He is Asia’s most-wanted man. He is protected by a guard of Thai kickboxers. He flies by private jet. Police say that he once lost US$66 million in a single night at a Macau casino.
Tse Chi Lop, a Canadian national born in China, is suspected of leading a vast multinational drug trafficking syndicate formed out of an alliance of five of Asia’s triad groups, according to law enforcement officials.
Its members call it simply “The Company.” Police, in a nod to one of Tse’s nicknames, have dubbed it Sam Gor, Cantonese for “Brother Number Three.”

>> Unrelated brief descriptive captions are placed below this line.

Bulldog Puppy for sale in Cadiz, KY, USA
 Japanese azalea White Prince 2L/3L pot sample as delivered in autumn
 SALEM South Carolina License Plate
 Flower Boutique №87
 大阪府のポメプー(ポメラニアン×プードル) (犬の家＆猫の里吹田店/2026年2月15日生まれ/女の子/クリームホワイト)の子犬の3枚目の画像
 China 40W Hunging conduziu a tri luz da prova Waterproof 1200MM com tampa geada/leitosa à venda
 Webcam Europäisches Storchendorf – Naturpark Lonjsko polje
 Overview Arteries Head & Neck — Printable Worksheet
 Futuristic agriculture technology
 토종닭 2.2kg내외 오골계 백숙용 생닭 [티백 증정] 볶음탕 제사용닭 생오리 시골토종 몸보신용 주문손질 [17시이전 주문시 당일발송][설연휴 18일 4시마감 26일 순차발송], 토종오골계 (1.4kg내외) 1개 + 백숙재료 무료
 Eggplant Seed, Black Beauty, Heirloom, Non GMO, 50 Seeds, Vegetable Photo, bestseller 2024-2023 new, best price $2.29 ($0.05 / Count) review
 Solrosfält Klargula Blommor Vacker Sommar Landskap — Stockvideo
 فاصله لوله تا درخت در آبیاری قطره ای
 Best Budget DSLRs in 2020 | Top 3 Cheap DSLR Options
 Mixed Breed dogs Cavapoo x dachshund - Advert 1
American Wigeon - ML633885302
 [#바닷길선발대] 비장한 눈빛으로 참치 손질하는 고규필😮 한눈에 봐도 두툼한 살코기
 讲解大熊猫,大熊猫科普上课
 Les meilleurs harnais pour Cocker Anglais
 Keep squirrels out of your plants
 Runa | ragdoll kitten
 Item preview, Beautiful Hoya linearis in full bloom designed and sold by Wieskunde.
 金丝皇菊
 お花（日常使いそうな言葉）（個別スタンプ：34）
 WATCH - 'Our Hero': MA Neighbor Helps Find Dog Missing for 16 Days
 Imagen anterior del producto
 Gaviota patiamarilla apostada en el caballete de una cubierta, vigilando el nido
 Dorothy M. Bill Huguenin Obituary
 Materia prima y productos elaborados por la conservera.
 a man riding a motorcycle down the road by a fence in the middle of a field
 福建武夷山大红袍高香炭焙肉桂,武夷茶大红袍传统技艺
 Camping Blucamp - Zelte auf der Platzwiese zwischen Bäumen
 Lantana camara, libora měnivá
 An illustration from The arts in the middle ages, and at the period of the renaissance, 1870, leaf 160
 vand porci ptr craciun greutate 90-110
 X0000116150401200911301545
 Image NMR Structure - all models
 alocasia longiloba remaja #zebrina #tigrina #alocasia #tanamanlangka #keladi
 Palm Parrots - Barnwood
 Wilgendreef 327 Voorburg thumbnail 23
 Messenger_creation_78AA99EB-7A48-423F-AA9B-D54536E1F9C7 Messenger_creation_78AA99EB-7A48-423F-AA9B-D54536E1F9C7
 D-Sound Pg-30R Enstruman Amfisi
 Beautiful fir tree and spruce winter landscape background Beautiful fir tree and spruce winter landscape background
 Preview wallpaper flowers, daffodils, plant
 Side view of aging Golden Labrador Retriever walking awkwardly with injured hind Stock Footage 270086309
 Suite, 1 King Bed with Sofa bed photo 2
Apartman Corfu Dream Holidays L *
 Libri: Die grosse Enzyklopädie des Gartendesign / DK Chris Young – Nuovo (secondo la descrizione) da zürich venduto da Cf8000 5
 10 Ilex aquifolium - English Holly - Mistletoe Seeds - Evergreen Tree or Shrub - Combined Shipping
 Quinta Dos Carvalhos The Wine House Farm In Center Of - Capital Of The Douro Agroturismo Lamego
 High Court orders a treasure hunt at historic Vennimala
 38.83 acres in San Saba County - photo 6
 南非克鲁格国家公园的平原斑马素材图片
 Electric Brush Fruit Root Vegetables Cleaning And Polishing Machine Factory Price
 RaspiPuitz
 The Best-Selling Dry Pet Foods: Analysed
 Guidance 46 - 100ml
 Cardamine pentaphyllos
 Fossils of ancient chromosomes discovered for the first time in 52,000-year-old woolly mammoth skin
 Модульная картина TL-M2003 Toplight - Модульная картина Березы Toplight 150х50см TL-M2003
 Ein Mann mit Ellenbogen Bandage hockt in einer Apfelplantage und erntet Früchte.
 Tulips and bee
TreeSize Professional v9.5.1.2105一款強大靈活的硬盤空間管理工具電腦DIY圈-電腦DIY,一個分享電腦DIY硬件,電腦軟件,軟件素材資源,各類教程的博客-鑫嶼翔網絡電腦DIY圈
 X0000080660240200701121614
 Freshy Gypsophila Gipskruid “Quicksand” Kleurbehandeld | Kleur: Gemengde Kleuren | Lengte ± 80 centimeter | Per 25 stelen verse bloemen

Illustration: Mountain People
The syndicate, law enforcers believe, is funneling tonnes of methamphetamine, heroin and ketamine to at least a dozen countries from Japan in North Asia to New Zealand in the South Pacific.
Meth — a highly addictive drug with devastating physical and mental effects on long-term users — is its main business, they say.
In what it calls a conservative estimate, the UN Office on Drugs and Crime (UNODC) puts the Sam Gor syndicate’s meth revenue last year at US$8 billion a year, but says it could be as high as US$17.7 billion. The agency estimates that the cartel, which often conceals its drugs in packets of tea, has a 40 percent to 70 percent share of the wholesale regional meth market that has expanded at least fourfold in the past five years.
This unprecedented boom in meth production has triggered an unprecedented response, Reuters has learned. Tse, 55, is the prime target of Operation Kungur, a sprawling, previously unreported counter-narcotics investigation.
Led by the Australian Federal Police (AFP), Operation Kungur involves about 20 agencies from Asia, North America and Europe. It is by far the biggest ever international effort to combat Asian drug trafficking syndicates, law enforcement agents involved in the investigation say.
It encompasses authorities from Myanmar, China, Thailand, Japan, the US and Canada. Taiwan, while not formally part of the operation, is assisting in the investigation.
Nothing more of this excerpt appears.